Il Signore ha scelto Sion per sua dimora

Il Re Davide (miniatura, dal Salterio di Egberto)

 

LETTURA – 2 Samuele 6,12b-22 (Davide si umilia davanti all’arca di Dio): 12Davide andò e fece salire l’arca di Dio dalla casa di Obed-Edom alla Città di Davide, con gioia. 13Quando quelli che portavano l’arca del Signore ebbero fatto sei passi, egli immolò un giovenco e un ariete grasso. 14Davide danzava con tutte le forze davanti al Signore. Davide era cinto di un efod di lino. 15Così Davide e tutta la casa d’Israele facevano salire l’arca del Signore con grida e al suono del corno. 16Quando l’arca del Signore entrò nella Città di Davide, Mical, figlia di Saul, guardando dalla finestra vide il re Davide che saltava e danzava dinanzi al Signore e lo disprezzò in cuor suo. 17Introdussero dunque l’arca del Signore e la collocarono al suo posto, al centro della tenda che Davide aveva piantato per essa; Davide offrì olocausti e sacrifici di comunione davanti al Signore. 18Quando ebbe finito di offrire gli olocausti e i sacrifici di comunione, Davide benedisse il popolo nel nome del Signore degli eserciti 19e distribuì a tutto il popolo, a tutta la moltitudine d’Israele, uomini e donne, una focaccia di pane per ognuno, una porzione di carne arrostita e una schiacciata di uva passa. Poi tutto il popolo se ne andò, ciascuno a casa sua. 20Davide tornò per benedire la sua famiglia; gli uscì incontro Mical, figlia di Saul, e gli disse: «Bell’onore si è fatto oggi il re d’Israele scoprendosi davanti agli occhi delle serve dei suoi servi, come si scoprirebbe davvero un uomo da nulla!». 21Davide rispose a Mical: «L’ho fatto dinanzi al Signore, che mi ha scelto invece di tuo padre e di tutta la sua casa per stabilirmi capo sul popolo del Signore, su Israele; ho danzato davanti al Signore. 22Anzi mi abbasserò anche più di così e mi renderò vile ai tuoi occhi, ma presso quelle serve di cui tu parli, proprio presso di loro, io sarò onorato!».

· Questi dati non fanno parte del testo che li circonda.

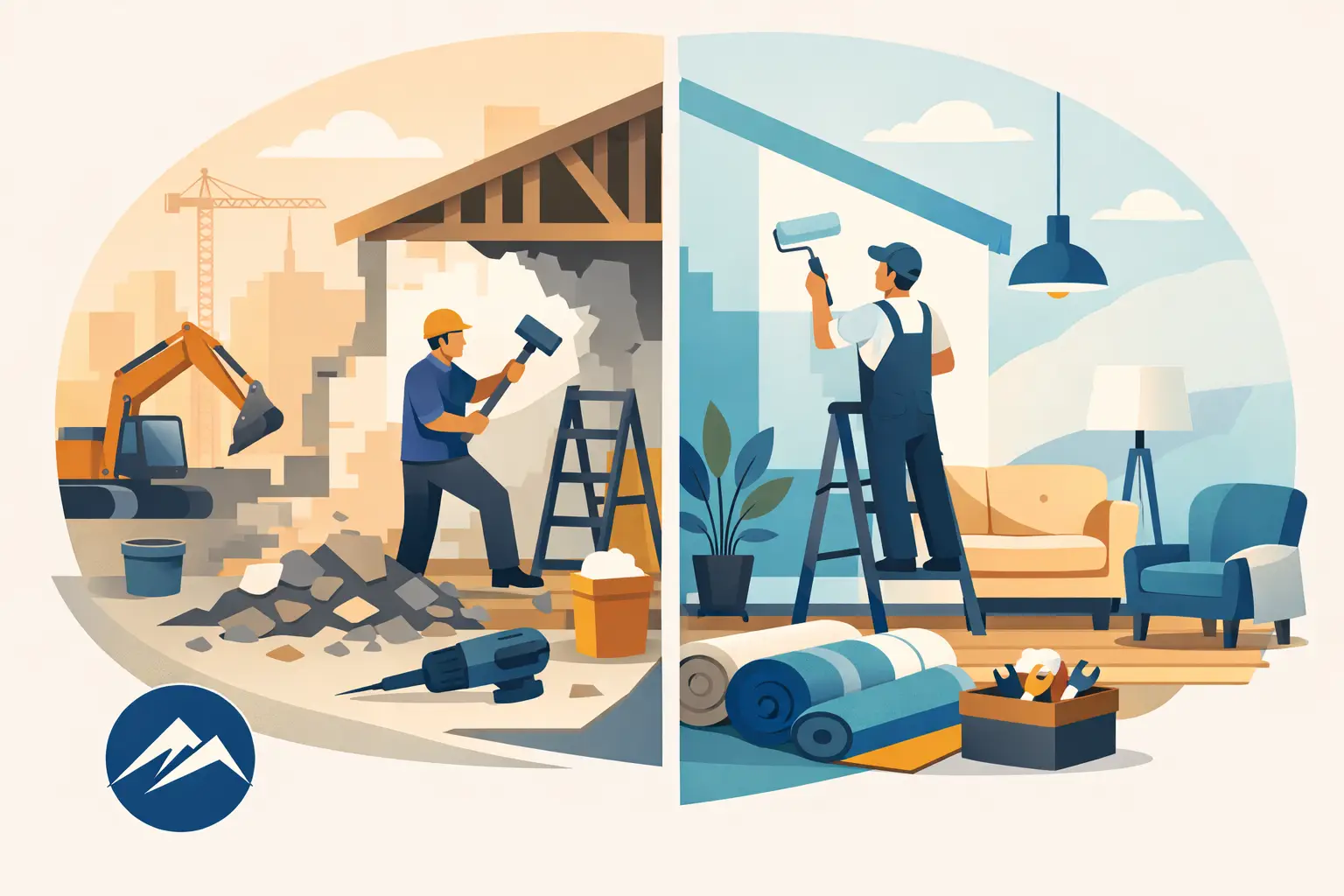 Renovation vs Refurbishment Costs Explained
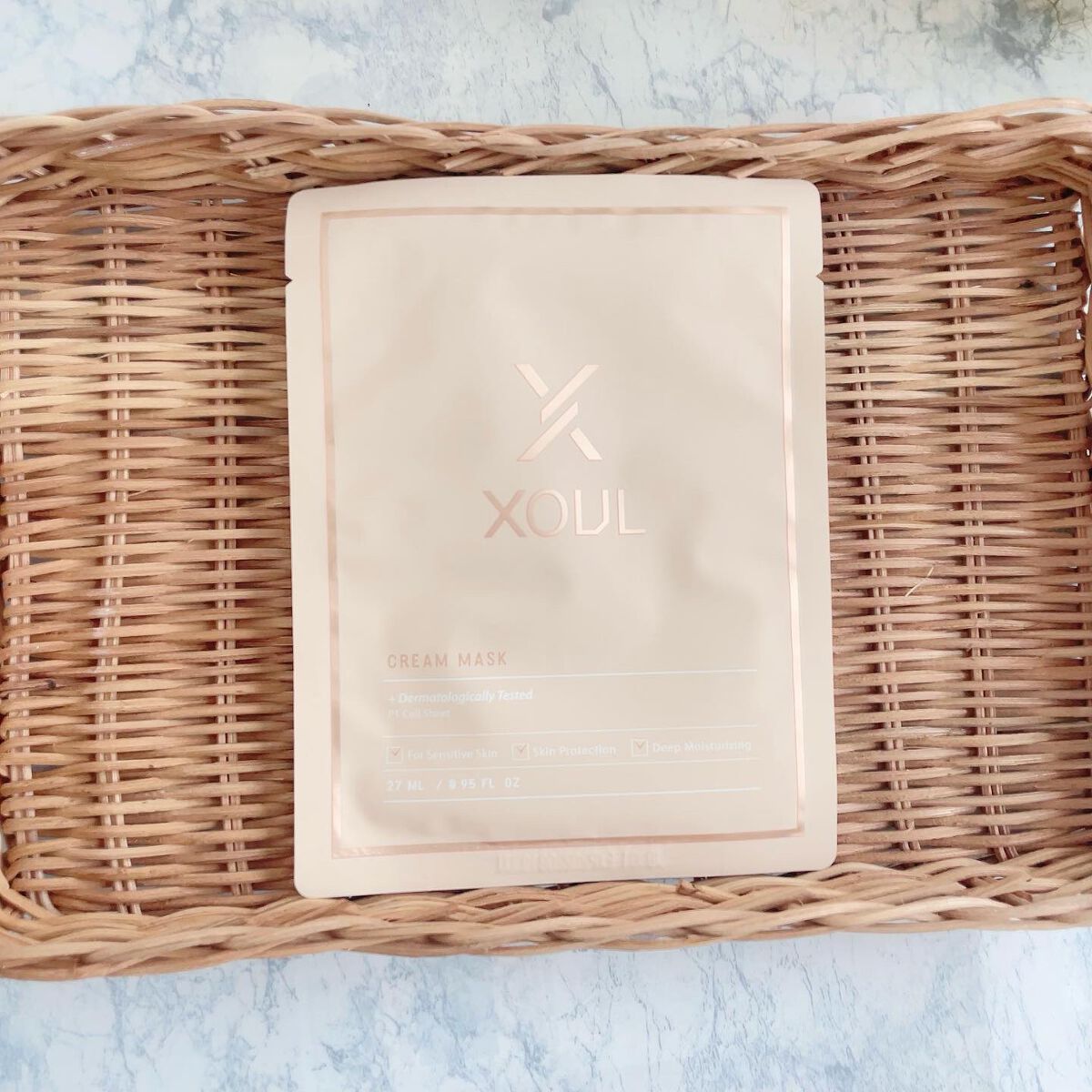 クリームマスク/XOUL/シートマスク・パックを使ったクチコミ(4枚目)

SALMO  - 131 (132): Il Signore ha scelto Sion per sua dimora.

 

EPISTOLA – I Corinzi 1, 32-31 (Ciò che è stoltezza di Dio è più sapiente degli uomini):   Fratelli, 25ciò che è stoltezza di Dio è più sapiente degli uomini, e ciò che è debolezza di Dio è più forte degli uomini. 26Considerate infatti la vostra chiamata, fratelli: non ci sono fra voi molti sapienti dal punto di vista umano, né molti potenti, né molti nobili. 27Ma quello che è stolto per il mondo, Dio lo ha scelto per confondere i sapienti; quello che è debole per il mondo, Dio lo ha scelto per confondere i forti; 28quello che è ignobile e disprezzato per il mondo, quello che è nulla, Dio lo ha scelto per ridurre al nulla le cose che sono, 29perché nessuno possa vantarsi di fronte a Dio. 30Grazie a lui voi siete in Cristo Gesù, il quale per noi è diventato sapienza per opera di Dio, giustizia, santificazione e redenzione, 31perché, come sta scritto, chi si vanta, si vanti nel Signore.

 

VANGELO - Marco 8, 34-38 (Chi vuol venire dietro a me, rinneghi sé stesso): In quel tempo. 34Convocata la folla insieme ai suoi discepoli, il Signore Gesù disse loro: «Se qualcuno vuol venire dietro a me, rinneghi se stesso, prenda la sua croce e mi segua. 35Perché chi vuole salvare la propria vita, la perderà; ma chi perderà la propria vita per causa mia e del Vangelo, la salverà. 36Infatti quale vantaggio c’è che un uomo guadagni il mondo intero e perda la propria vita? 37Che cosa potrebbe dare un uomo in cambio della propria vita? 38Chi si vergognerà di me e delle mie parole davanti a questa generazione adultera e peccatrice, anche il Figlio dell’uomo si vergognerà di lui, quando verrà nella gloria del Padre suo con gli angeli santi».

 

Cari amici e care amiche,

siamo alla IX domenica dopo Pentecoste (2 agosto 2009). Cosa significa annunciare l’Evangelo di Gesù nostro Salvatore sino ai confini del mondo nel quale, con la forza dello Spirito santo, siamo invitati a riflettere sulle condizioni e sulle modalità proprie di questo annuncio?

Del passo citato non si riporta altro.